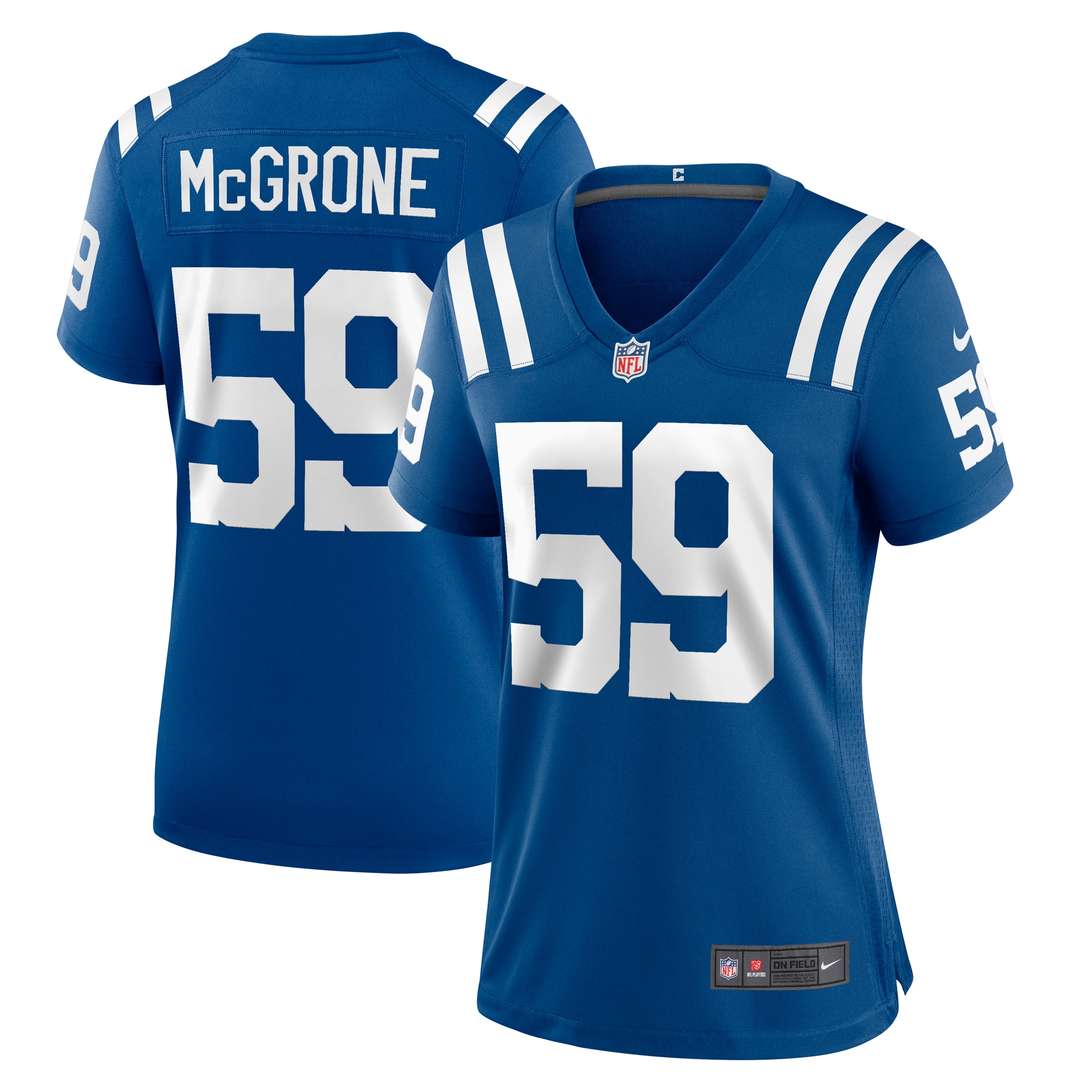 Cameron McGrone Indianapolis Colts Women's Team Game Jersey - Royal cheap jerseys for sale - CheapJerseys.Shop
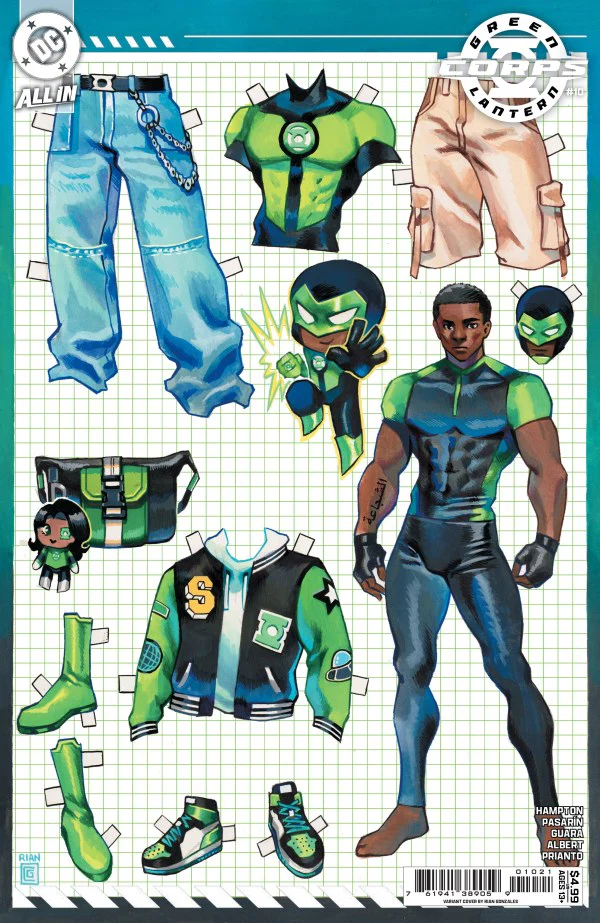 GREEN LANTERN CORPS #10 CVR B RIAN GONZALES CARD STOCK VAR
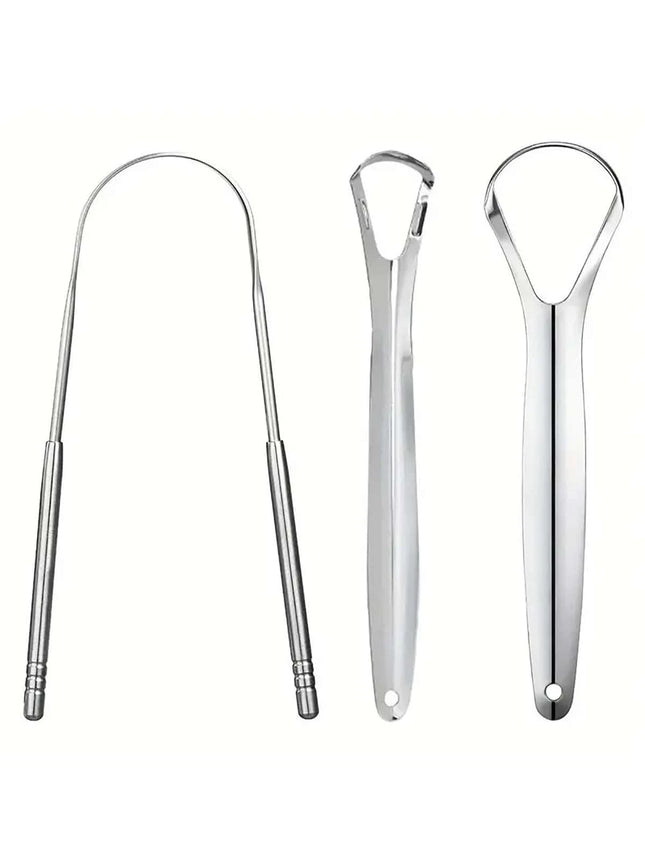 Tongue Scraper, Adult Tongue Cleaner Set 3 Pieces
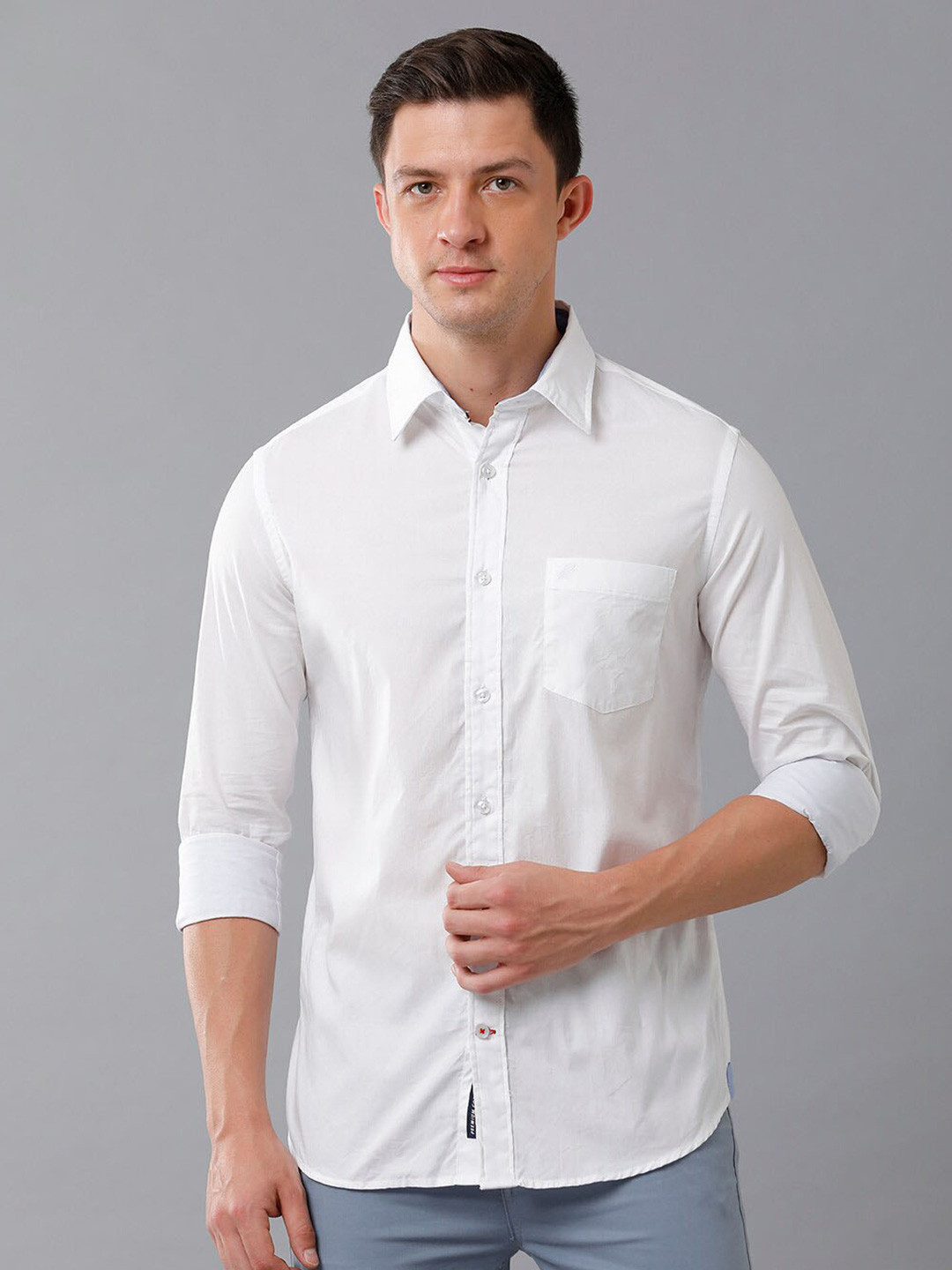 

Double Two India Slim Fit Cotton Casual Shirt, White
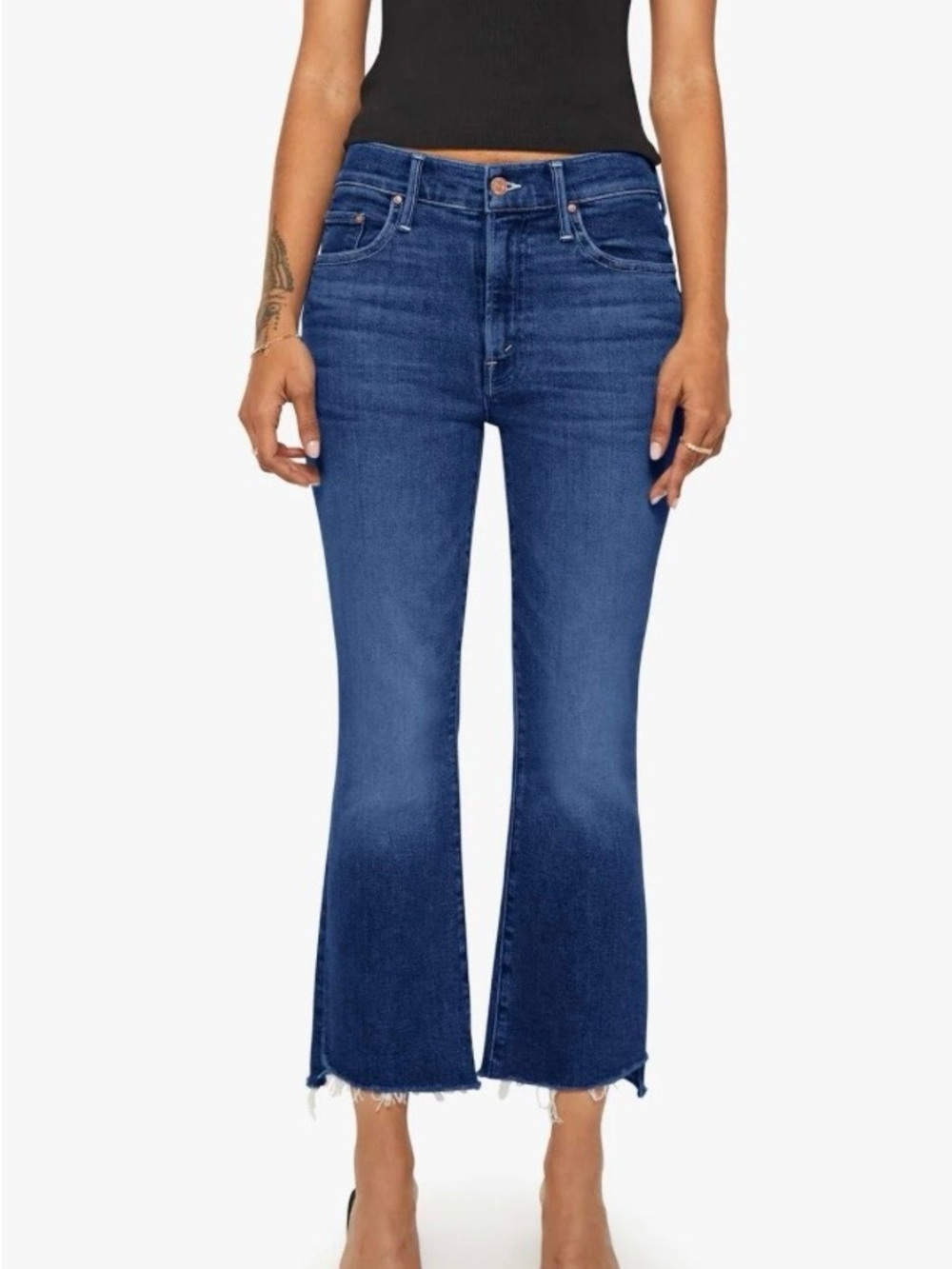 MOTHER Women's The Insider Crop Step Fray jeans. Size 24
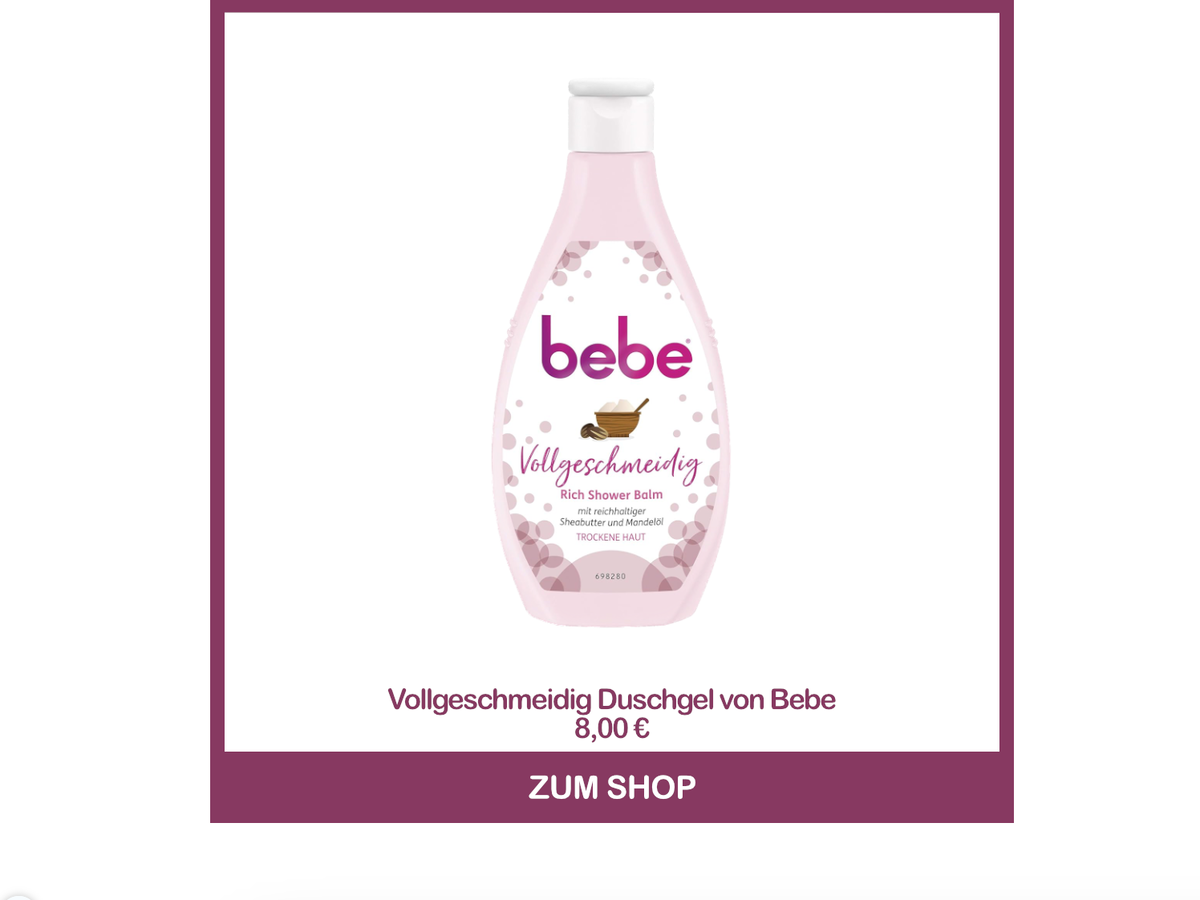 Vollgeschmeidig Duschgel von Bebe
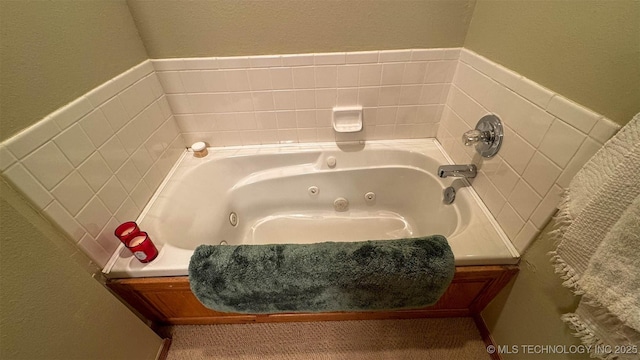 interior details featuring a bathtub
* * * * * * * * *
### ASSIGNED TASK
Restate the records above word for word. Skip every picture.

### FINAL ANSWER
 Cameron McGrone Indianapolis Colts Women's Team Game Jersey - Royal cheap jerseys for sale - CheapJerseys.Shop
 GREEN LANTERN CORPS #10 CVR B RIAN GONZALES CARD STOCK VAR
 Tongue Scraper, Adult Tongue Cleaner Set 3 Pieces

Double Two India Slim Fit Cotton Casual Shirt, White
 MOTHER Women's The Insider Crop Step Fray jeans. Size 24
 Vollgeschmeidig Duschgel von Bebe
 interior details featuring a bathtub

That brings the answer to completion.